Closed this issue · 2 comments

1: Farsi Language Support

Currently, the espeak backend only supports the "fa" locale for the Farsi language. When using "fa-latn," an error is encountered, stating that the language "fa-latn" is not supported.

2: Punctuation Preservation

In the conversion to phoneme, the punctuation comma specific to the Persian language (،) is not preserved as expected.


In my case both works:

$ echo 'این یک امتحان است.' | phonemize -b espeak -l fa-latn
iːn jek emtehɑn ast 
$ echo 'این یک امتحان است.' | phonemize -b espeak -l fa
iːn jek emtehɑn ast
$ phonemize --version
available backends: espeak-ng-1.50, espeak-mbrola, festival-2.5.0, segments-2.2.1

In your case it may be an issue with your espeak installation.

  1. This may be a bug, please provide an exemple. In any case you can specify which characters are punctuation in the following option
    (so you can ignore the comma)

Thank you very much for your help!

To address Problem 1, I've updated the espeak-ng version.
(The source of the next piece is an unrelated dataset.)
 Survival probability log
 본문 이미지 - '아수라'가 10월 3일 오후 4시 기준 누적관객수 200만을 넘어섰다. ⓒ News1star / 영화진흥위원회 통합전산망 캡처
For Problem 2, I've successfully preserved the '،' when converting to phonemes using the 'preserve_punctuation' parameter. Here's an example:

text = 'تست این ماژول، برای انجام تبدیل متن به فنوم، نتیجه قابل مشاهده است.'
farsi_phonemizer = phonemizer.backend.EspeakBackend(language='fa-latn', preserve_punctuation=True, punctuation_marks='،')

This configuration has resolved the issue, and I appreciate your help with it.